(Beginning of THE RECORDS)

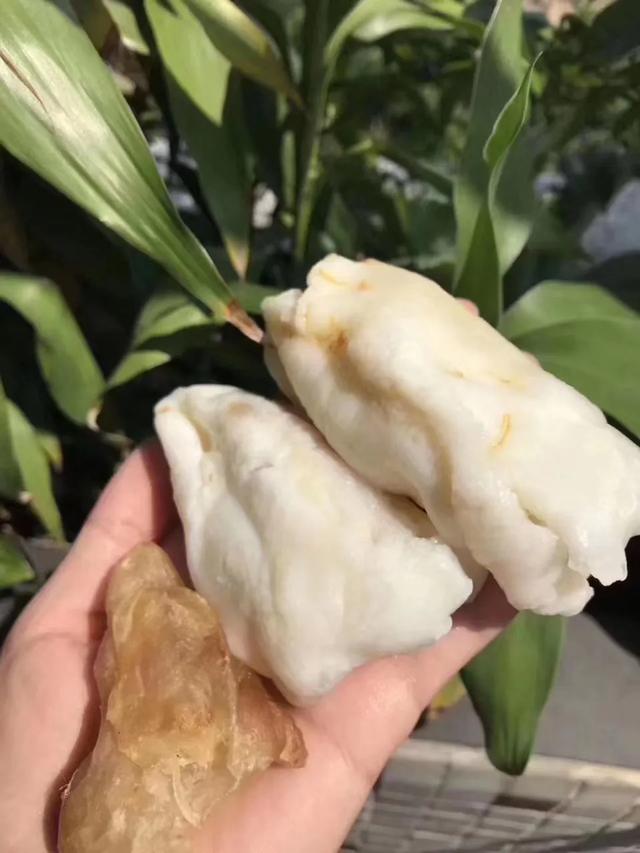 蝴蝶胶怎么泡发 2026年蝴蝶胶怎么泡发快 蝴蝶胶怎么泡发 2026年蝴蝶胶怎么泡发快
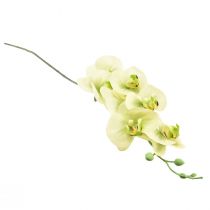 tételeket Orchidea mesterséges sárga zöld Phalaenopsis L83cm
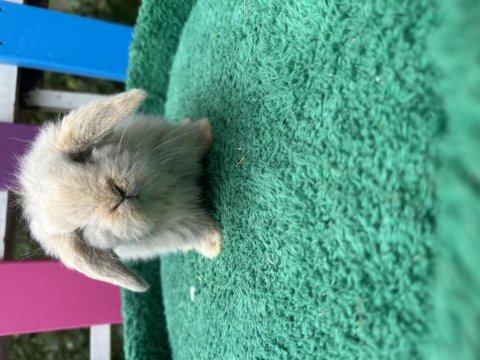 Safkan lop bebek tavşanlar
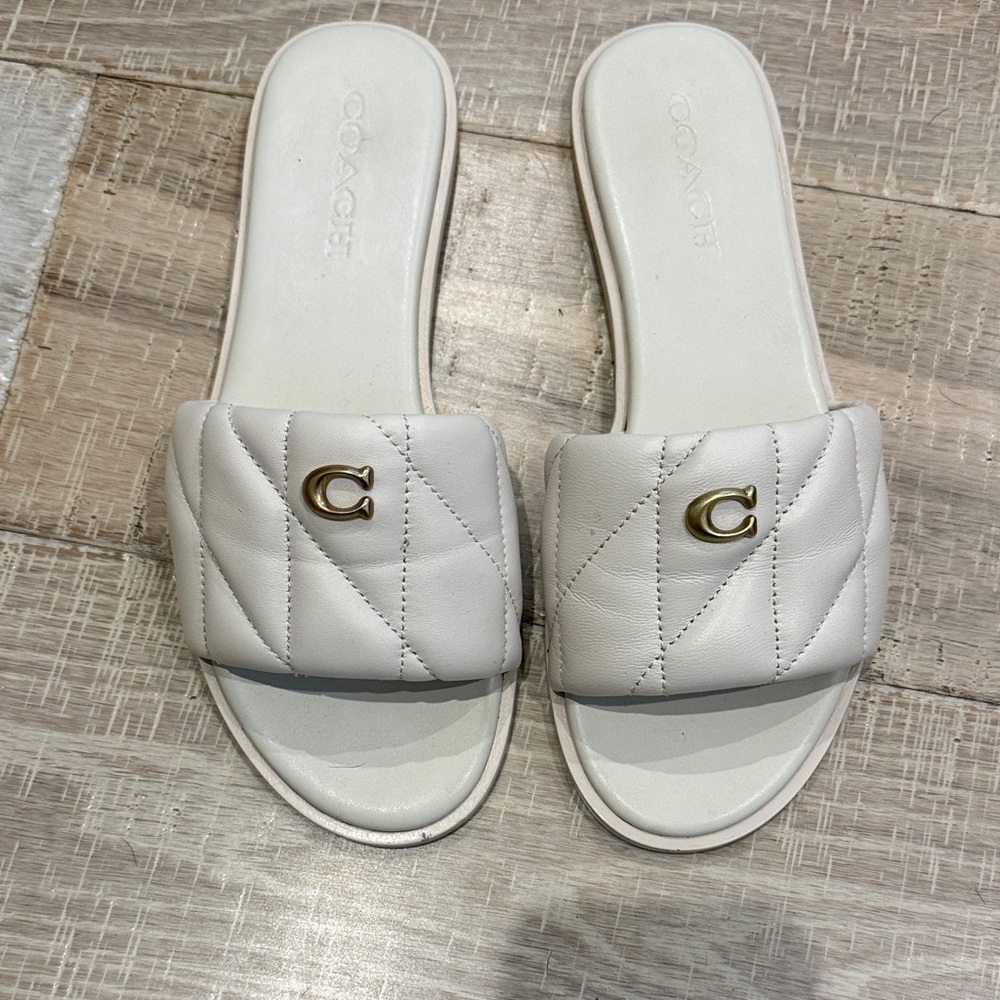 Coach slides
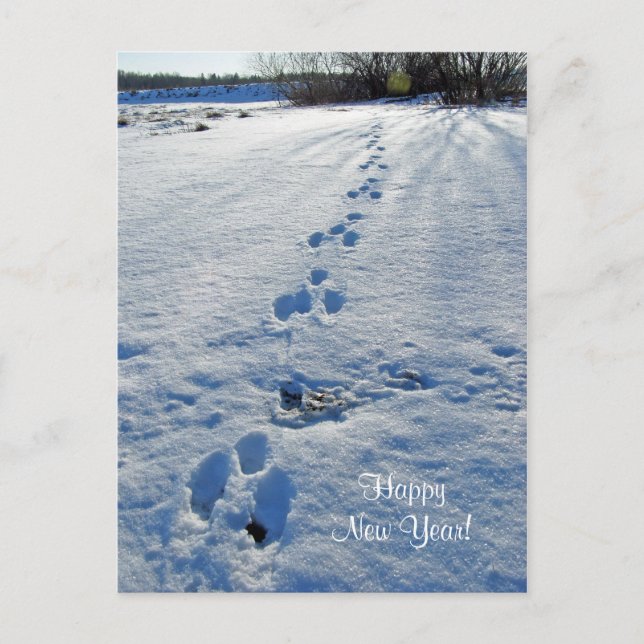 Happy New Year Postcard Feiertagspostkarte (Vorderseite)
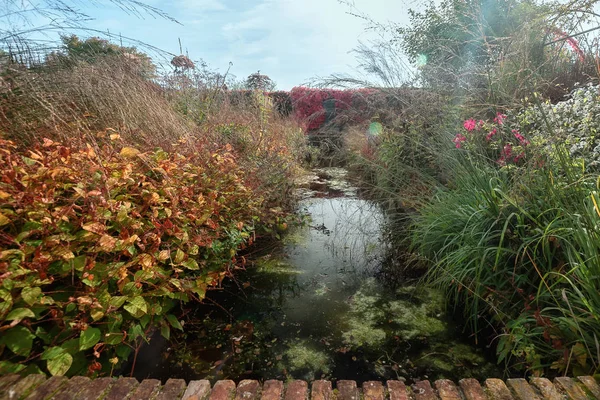 Teich Einem Garten Vollen Herbstfarben Irgendwo Den Niederlanden — Stockfoto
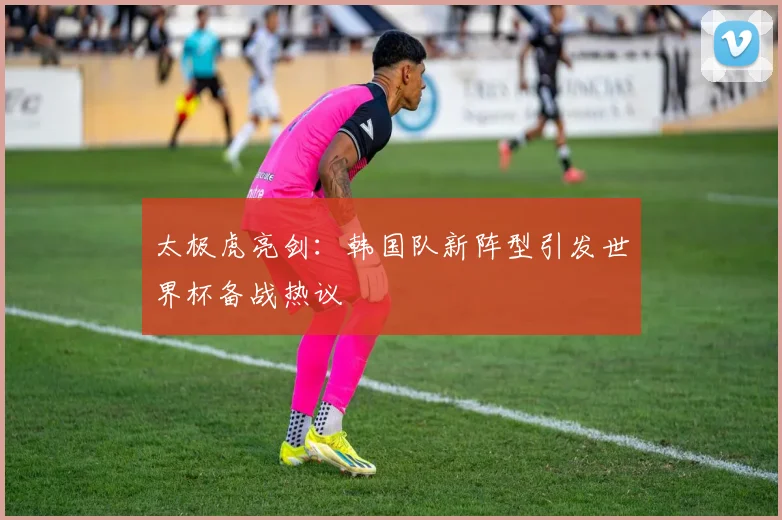 太极虎亮剑：韩国队新阵型引发世界杯备战热议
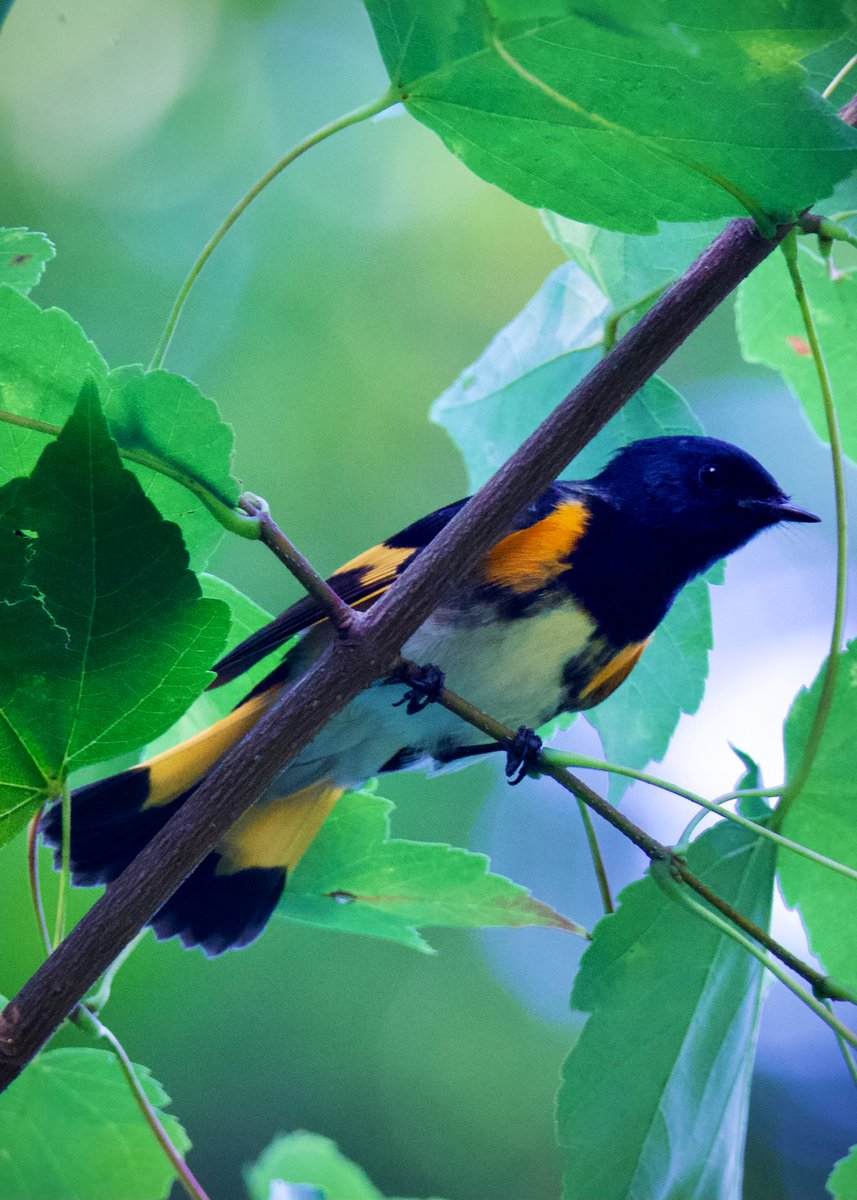 Male #AmericanRedstart at Muggers Woods in The Ramble @CentralParkNYC 
 #AvesQueAlegran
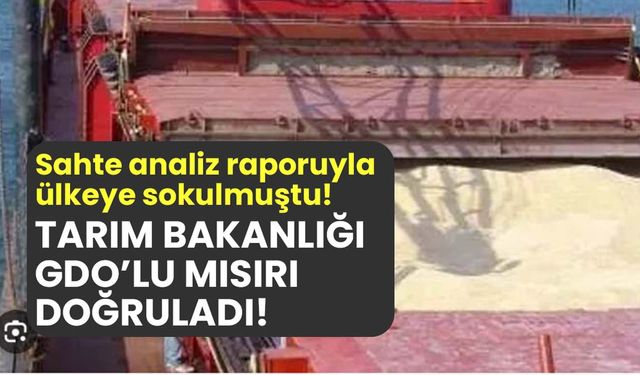 Tarım Bakanlığı GDO'lu mısırı doğruladı!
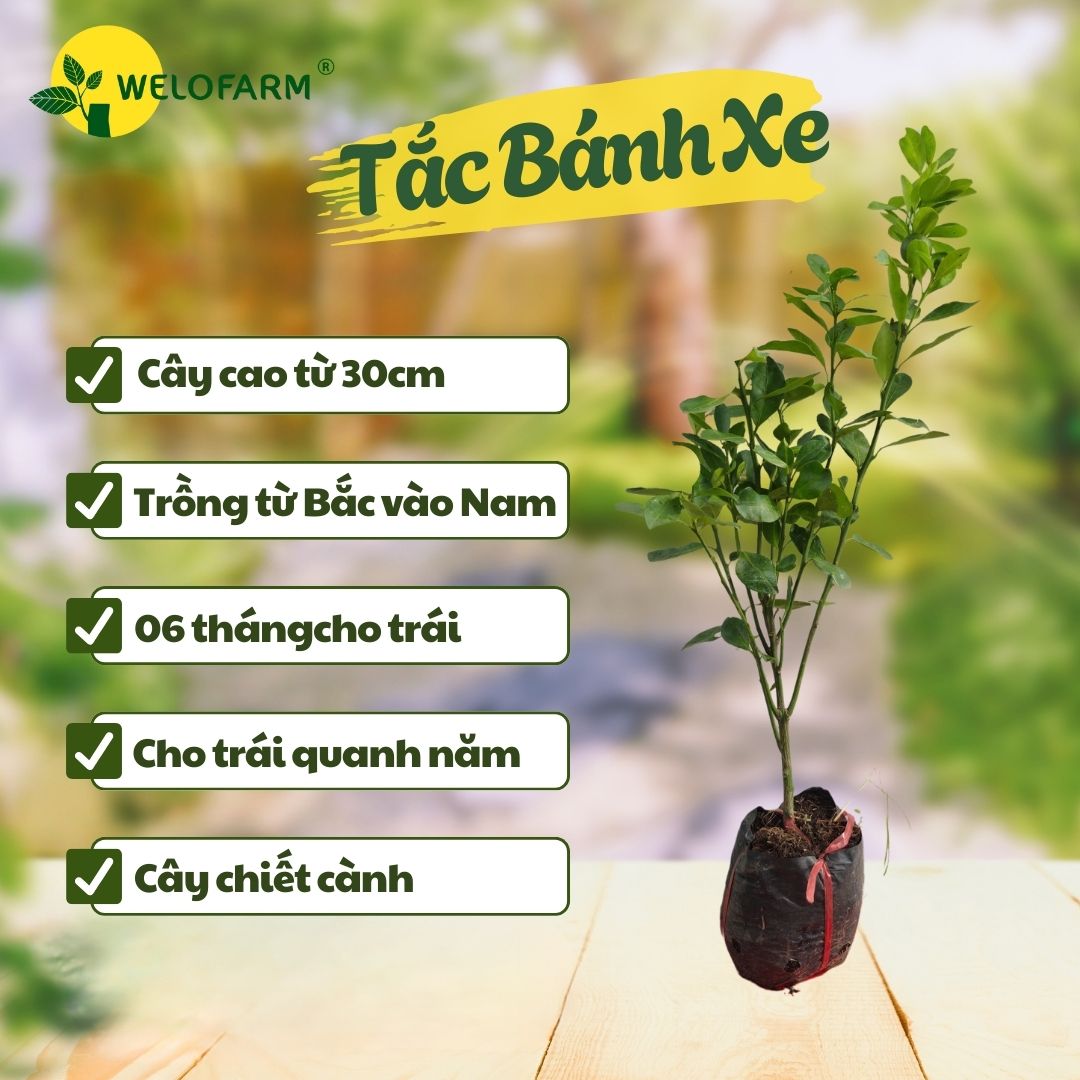 Tắc Bánh Xe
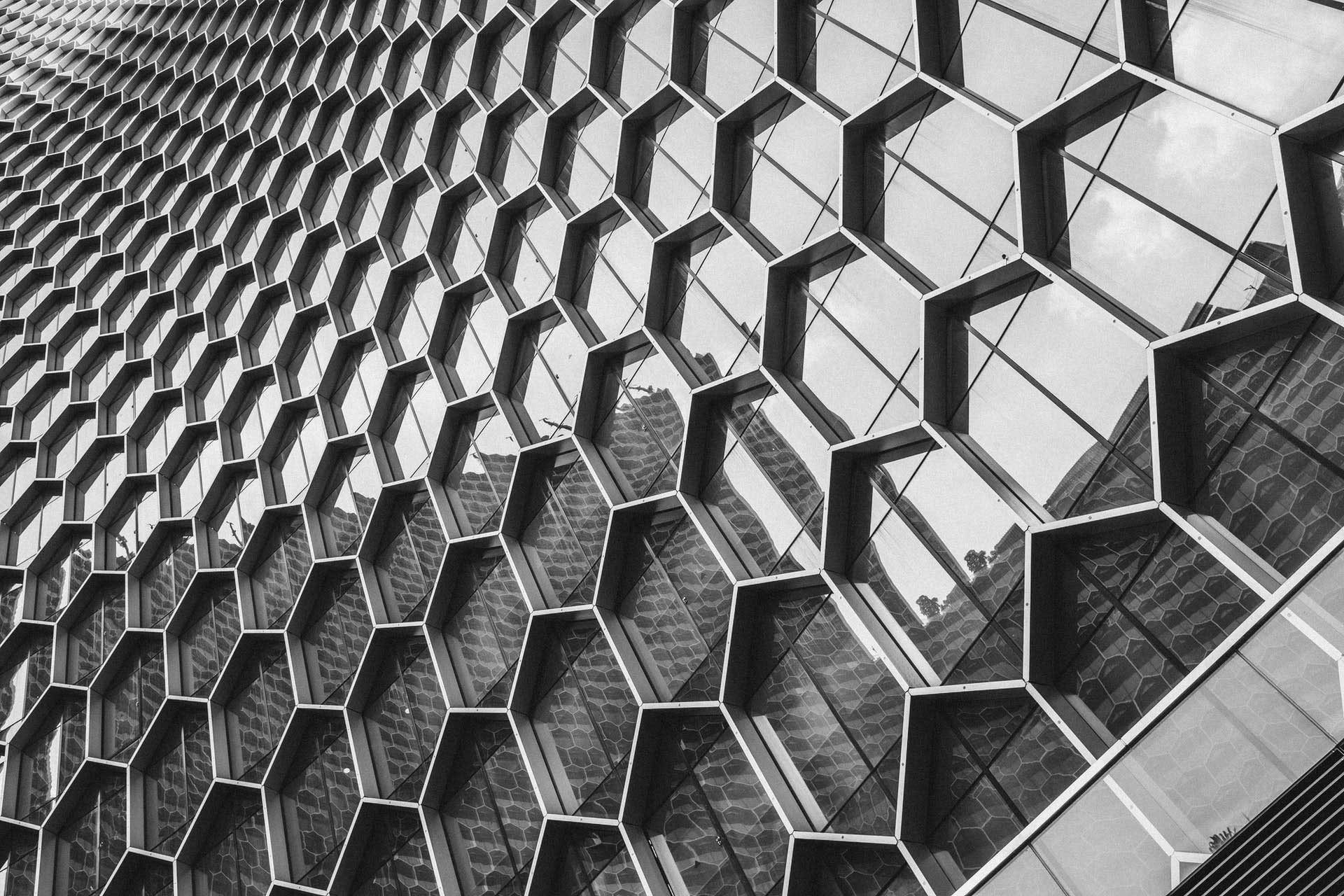 Ubicua Bienal de Artes Vivas y Tecnología México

(End of THE RECORDS)

EXERCISE DETAILS: Copy exactly the lines from the line containing "Happy New Year" through the last line of the records above, both included, and leave out any pictures.

ANSWER BOX:
 Happy New Year Postcard Feiertagspostkarte (Vorderseite)
 Teich Einem Garten Vollen Herbstfarben Irgendwo Den Niederlanden — Stockfoto
 太极虎亮剑：韩国队新阵型引发世界杯备战热议
 Male #AmericanRedstart at Muggers Woods in The Ramble @CentralParkNYC 
 #AvesQueAlegran
 Tarım Bakanlığı GDO'lu mısırı doğruladı!
 Tắc Bánh Xe
 Ubicua Bienal de Artes Vivas y Tecnología México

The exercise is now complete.